I laughed. I shook my head. Why didn’t it surprise me that the head of publicity for a major New York publisher couldn’t recognize one of the great writers of her lifetime?
“What’s so funny?” Lauren said sharply.
“I’m a friend, is all,” S. S. said. “The name’s Samuel.”
“Well, Sammy,” Lauren said. “I’ll let you go along if you’re going to be of some help, but I don’t want you with us if the two of you are going to act like schoolgirls and giggle every time I say something.”
“We have ourselves a deal,” S. S. said.
“I need to take a shower,” I said to Lauren. “Why don’t you come inside and fix yourself a cup of coffee?”
Lauren entered the apartment cautiously, eyeing S. S. and then me.
“Here,” S. S. said. “Allow me to take your coat.”
She looked down at S. S.’s bandaged hand. She said, “What’s the deal with all the injured hands around here?” She slipped off her coat and handed it to S. S., who carried it to the living room and draped it over the back of a chair, careful not to let any of it touch the floor.
“What do you mean?” I asked, but before she could answer, I remembered what S. S. had told me about M. Cat’s bacchanal—the Saturnalia. “Wait a minute. Where did you spend the night?”
“You want to know something? No one locks their doors around here,” she said by way of a reply. “The first door I tried after yours was unlocked, too.”
“Was he still naked?” I asked.
“As naked as the day is long,” she said.
“Coffee’s over there,” I said, pointing.
I stepped into the bathroom. I shut the door and turned on the bathroom fan. I didn’t want to hear any more.
25
W
E DROVE TOGETHER in Lauren’s rental, S. S. riding shotgun at Lauren’s insistence, even though I was the only one who knew the city. Apparently, they had hit it off while I showered and dressed. I’d stayed in the shower so long to avoid Lauren, the water had turned ice cold. Even now, my fingers were still pruney.

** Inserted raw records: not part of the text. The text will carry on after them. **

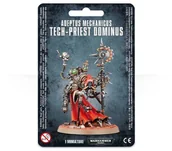 Gry bitewne - GamesWorkshop Adeptus Mechanicus Tech-priest Dominus (59-18) 99070116001 - miniaturka - grafika 1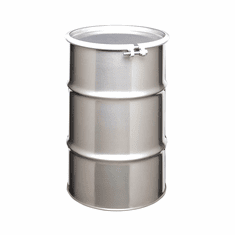 30 Gallon Open Head Stainless Steel Drums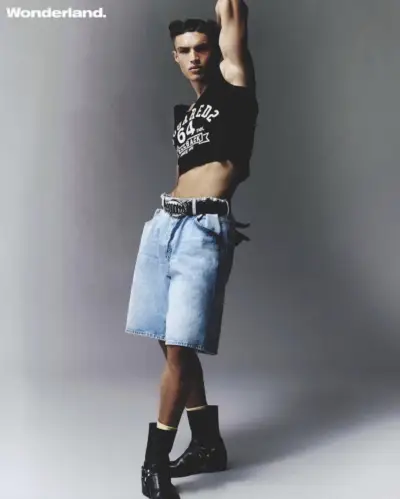 Noah Luis Brown 2023 Paese delle Meraviglie Dsquared2 006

“Jack,” S. S. said, twisting around to see me. “Tell us, would you, where you’ve looked for Vanessa?”
My heart clenched. Had I looked for her at all? I’d made a few sad stabs in that direction, but other than going to her hotel twice, I hadn’t actually checked anywhere.
“Oh, you know,” I said, “the main hotels in town and such.”
In the rearview mirror, I saw Lauren’s eyebrows rise above the top of her sunglasses. One look, and I knew what she was thinking:
Are you fucking kidding me?
“It’s been difficult,” I said, “taking care of Tate and, well,
he
came to town unexpectedly.” I pointed at S. S.
“Tate?” Lauren asked.
“Tate Rinehart,” I clarified.
“He’s in town?” Lauren asked.
“Indeed,” S. S. said.
Lauren smiled for the first time. “I love his work.”
S. S. nodded. “It’s as though he’s reinventing all the classics.”
Lauren thought about this. “Turn a moldy old work of fiction into something shiny and new. A great hook.”
“And that’s a good thing?” I asked.
“What’s wrong with that?” Lauren snapped back. I was the dog in the back seat that wouldn’t stop scratching and whining. A few moments later, Lauren said, “Sam here tells me you’re an amazing writer.”
“Whatever,” I said.
“He tells me you’re working on a memoir,” she said. “About your life as a media escort. About living on the margins. About writer’s block. About the artist’s life in the twenty-first century.” Lauren said, “You could sell that book for six figures. Easily.”